The main alphabetical section of the directory included:

- A list of benefices together with their populations, counties, dioceses and archdeaconries
- Their incumbents with the year of his institution
- Their values (up to the 1829 edition) in the Valor Ecclesiasticus or King's Books
- The names of their patrons.
- The 1836 edition additionally gave the income of the benefice during the year 1831, the available capacity or "church room" for the congregation, and the name of any impropriator.

The preliminary pages included:

- Current lists of bishops, members of cathedral chapter, and other dignitaries, showing the values of their First Fruits
- A section on the Doctors of Laws, the canonical specialists
- A section on the Chapel Royal together with the king's preachers and chaplains
- Sections on Sion College and Gresham College
- Sections on the two English universities (Oxford and Cambridge)
- Sections on the fellows and schoolmasters of Eton, Winchester, Westminster, Harrow, Manchester and St Paul's.

The alphabetical list of benefices was also followed by an alphabetical list of the prelates, dignitaries and beneficed clergy of the Church of England (generally omitting the unbeneficed clergy).

The directories concluded with lists of ecclesiastical patronage, giving the names of those benefices within the gift of the king and also those of the lord chancellor, the chancellor of the duchy of Lancaster, the various archbishops and bishops, and the two universities.

== The publishers ==

The 1817 edition stated that it was "printed for J. C. & F. Rivington, 62 St Paul's Churchyard, by R. & R. Gilbert, St John's Square, Clerkenwell". Richard Gilbert was a printer and an accountant with the SPCK. Although he appeared in the 1817 edition merely as the "printer" (alongside his brother Robert, who died the following year), he thereafter seems to have taken a more prominent role in its production.
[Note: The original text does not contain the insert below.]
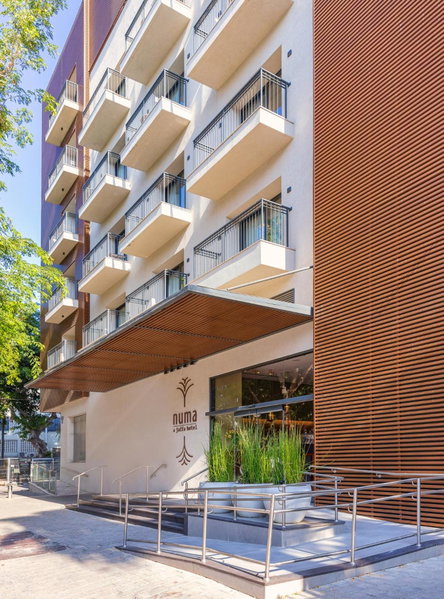 ABBA Hotel, Jaffa, Israel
The 1822 edition was "corrected by Richard Gilbert", as though he had been engaged in putting right someone else's mistakes. He similarly wrote the prefaces for subsequent editions, and the 1836 edition still bore the names "Gilbert and Rivington, printers, St John's Square".

Gilbert, an industrious compiler who was additionally very active in the religious life of Clerkenwell, also produced a pocket-sized Clergyman's Almanack in 1819

== The Clerical Guide after 1836 ==

The failure of the directory to appear after 1836 left open an opportunity for a rival publication. This was filled after 1841 by the Clergy List.

After lying dormant for fifty years, the title Clerical Guide and Ecclesiastical Directory was briefly revived in 1886 by Thomas Bosworth & Company, 65 Great Russell Street. Once again the volume offered alternative listings of the clergy and the benefices, together with other "valuable information … from the office of the Ecclesiastical Commission. However the relaunched title was very quickly acquired by Hamilton Adams of Paternoster Row, who in 1889 merged it with their other recent acquisition, the aforementioned Clergy List.

In the issue for 1918/19 the Clergy List was merged in its turn with Crockford's Clerical Directory. Thereafter until the 1930s the latter title still continued to advertise on its preliminary pages that it "incorporated the Clergy List", together with the Clerical Guide and Ecclesiastical Directory.

A microfiche version of the 1829 directory was produced during the 1980s by the Society of Genealogists. In more recent years scanned copies of the early editions have also appeared on the World Wide Web.